La strategia che permette all’Italia più flessibilità passa dal Gnl ma richiede tempo e spese considerevoli. Il governo punta sulle FRSU, navi metaniere che fungono da rigassificatori offshore. Se le navi sono già operative, avviare il punto di importazione del Gnl prende dai 12 ai 18 mesi (arriveremmo così, comunque, al 2024). E bisogna considerare la concorrenza: con molti paesi UE che cercano di acquistare FRSU senza coordinamento, la competizione è tanta, i prezzi possono salire, e gli accordi sfumare se da altri paesi arrivano offerte migliori.

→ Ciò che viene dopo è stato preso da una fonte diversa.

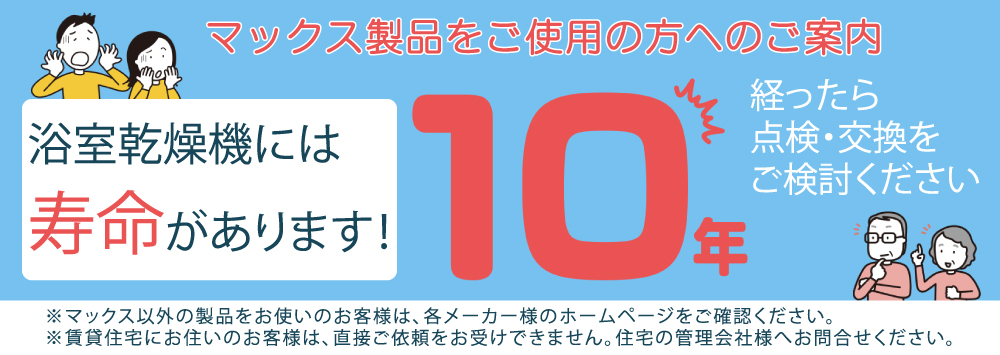 10年経ったら点検・交換をご検討ください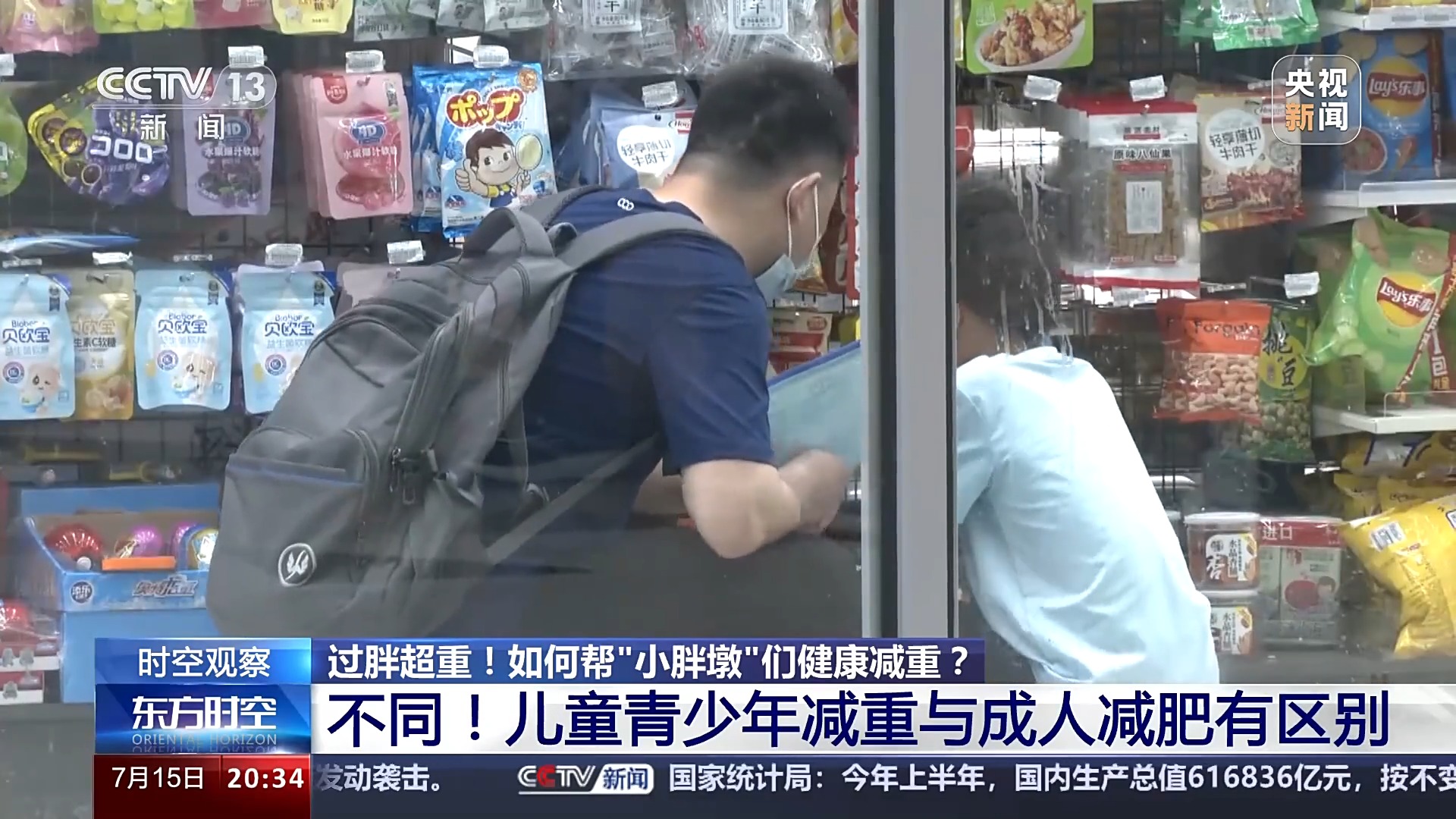 央视新闻客户端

Altra ipotesi è quella di importare più Gnl dalla Spagna, l’hub europeo con maggior capacità di import, tramite “navi spola”. Resta però il collo di bottiglia della capacità nazionale di rigassificazione.

Ma sul fronte del Gnl, Cdp ravvisa “elementi di criticità con riferimento alla reperibilità e ai costi”. “L’andamento storico dei prezzi del gas a livello internazionale, infatti, evidenzia come l’approvvigionamento tramite gasdotto sia generalmente più competitivo rispetto a quello tramite nave e come mercati strutturalmente dipendenti dal GNL, come il Giappone, siano più attrattivi rispetto all’Europa”, conclude il dossier. Criticità che bilanciano il possibile ruolo dell’Italia come nuovo hub UE per il Gnl, sfruttando l’alta capacità di storage (seconda solo alla Germania nell’UE) e lo sviluppo dell’infrastruttura del gas e delle interconnessioni col resto del continente.